### Exercise goal
Only the lines from the one with "in the garage的一间带床和大窗户的卧室" through the last line of the records below belong in your answer, reproduced exactly and with the pictures left out.

═══ The data

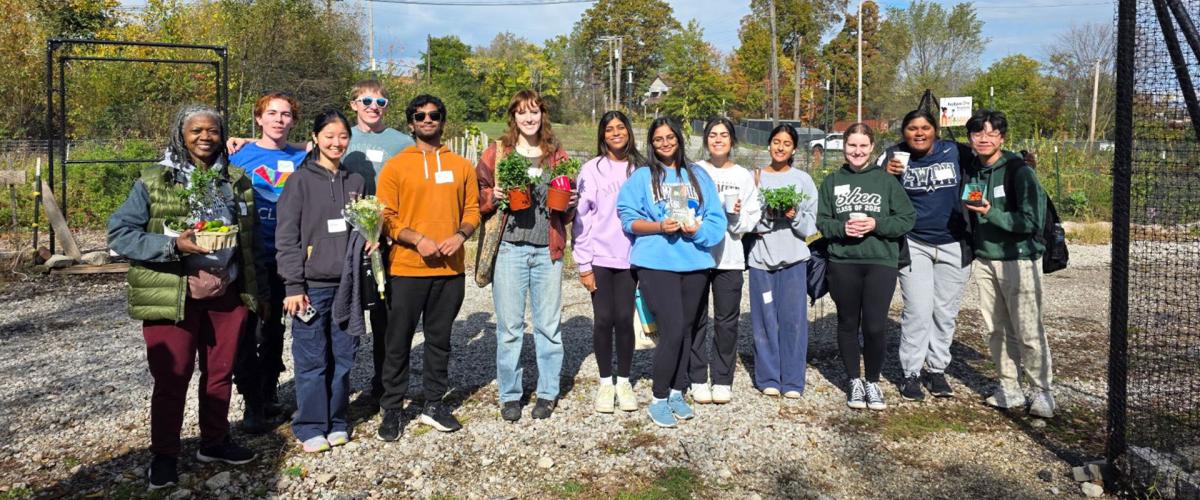 Photo of students volunteering at a local urban farm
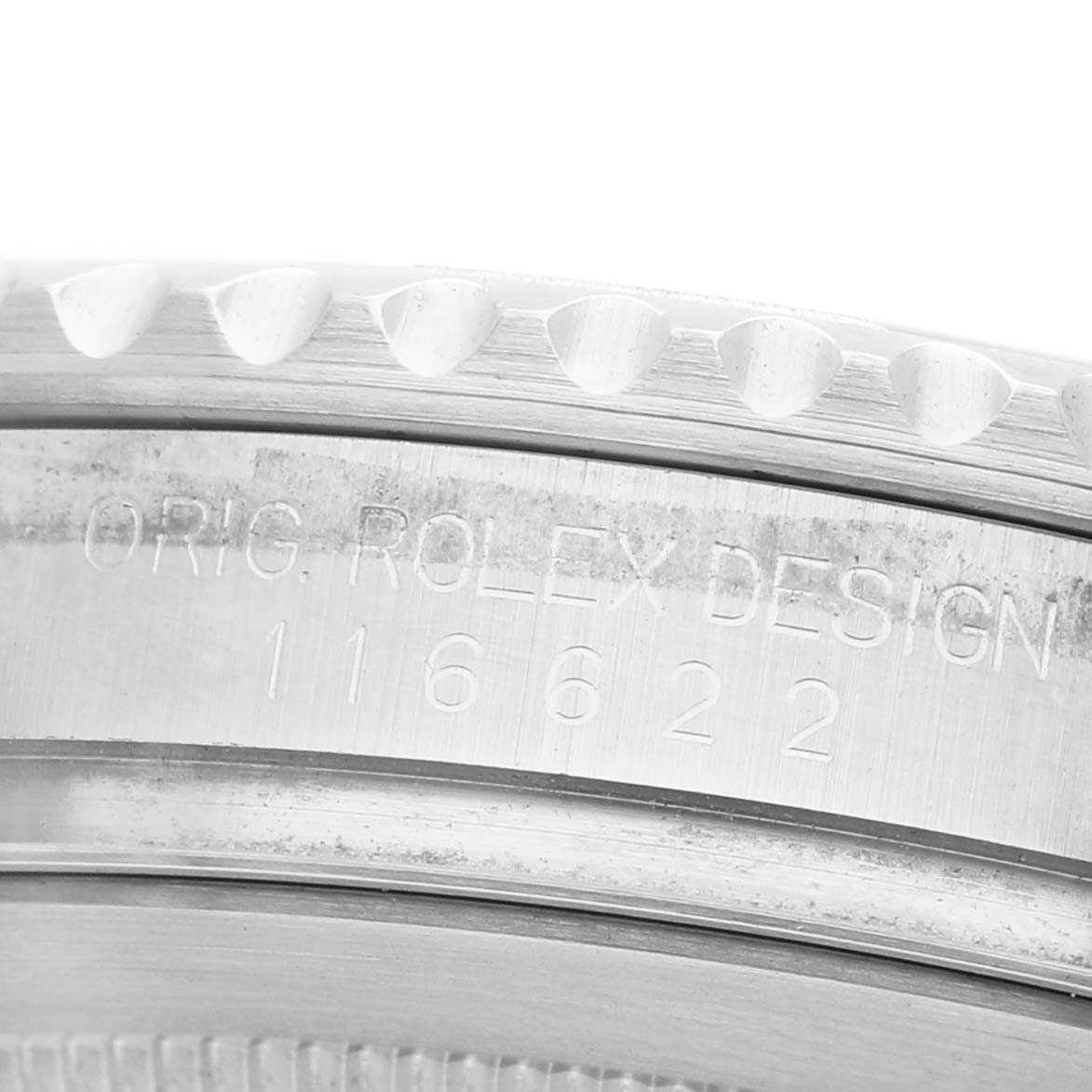 The image shows a close-up of the Rolex Yacht-Master 116622 Men's Stainless Steel Silver Dial's engraved outer bezel and case reference number.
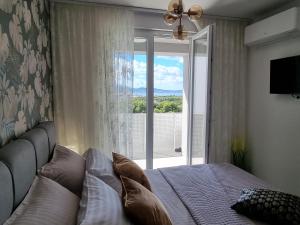 扎达尔Superb Apartment "50Shades" with balcony and free parking in the garage的一间带床和大窗户的卧室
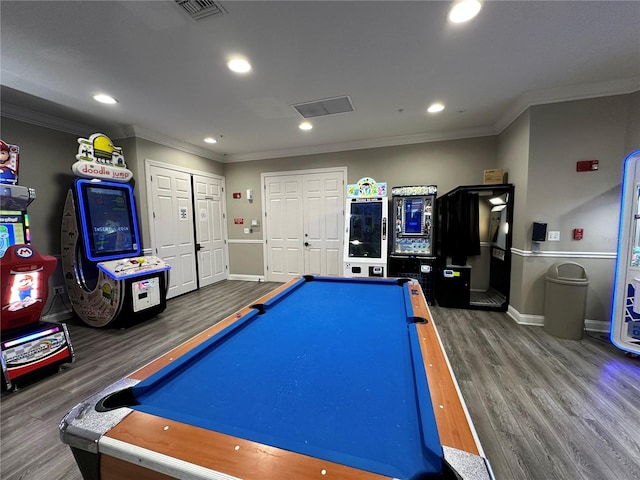 game room featuring visible vents, wood finished floors, and crown molding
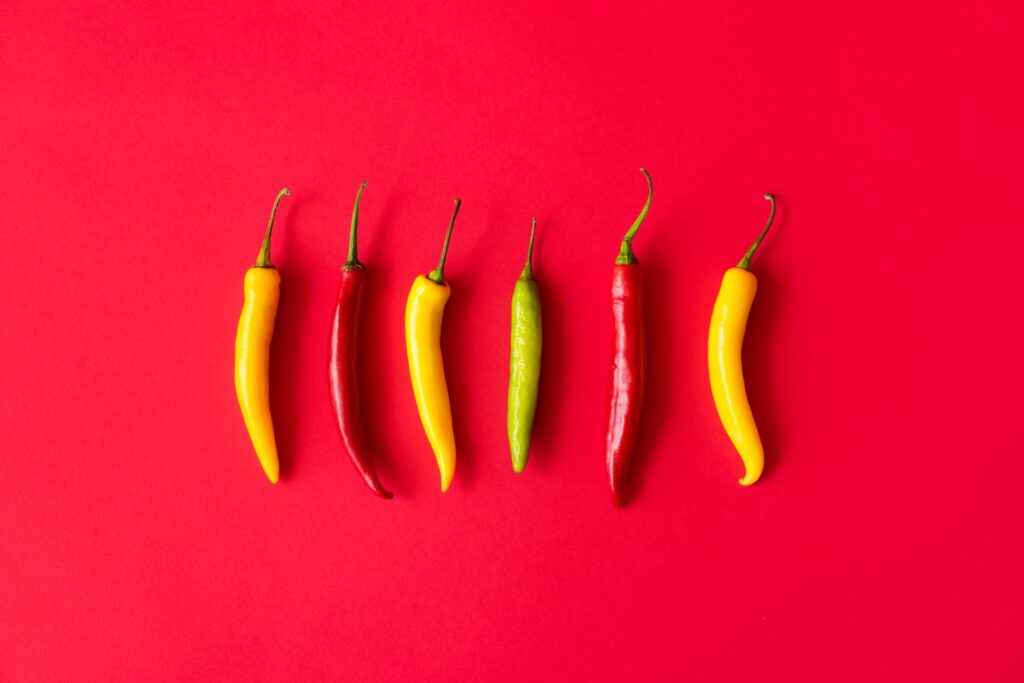 Red, Yellow and Green Hot Chilli Peppers Free Photo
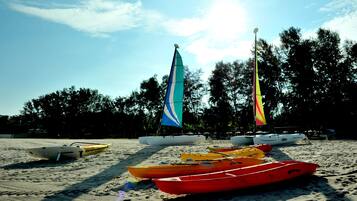 A beach with several kayaks and a sailboat lined up on the sand.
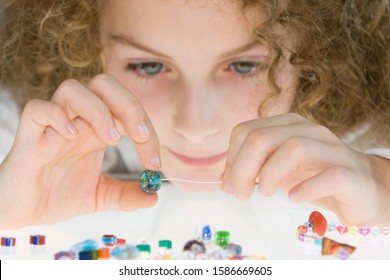 A Young Girl Threading Beads Onto A Thread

══════

### Solved exercise
 扎达尔Superb Apartment "50Shades" with balcony and free parking in the garage的一间带床和大窗户的卧室
 game room featuring visible vents, wood finished floors, and crown molding
 Red, Yellow and Green Hot Chilli Peppers Free Photo
 A beach with several kayaks and a sailboat lined up on the sand.
 A Young Girl Threading Beads Onto A Thread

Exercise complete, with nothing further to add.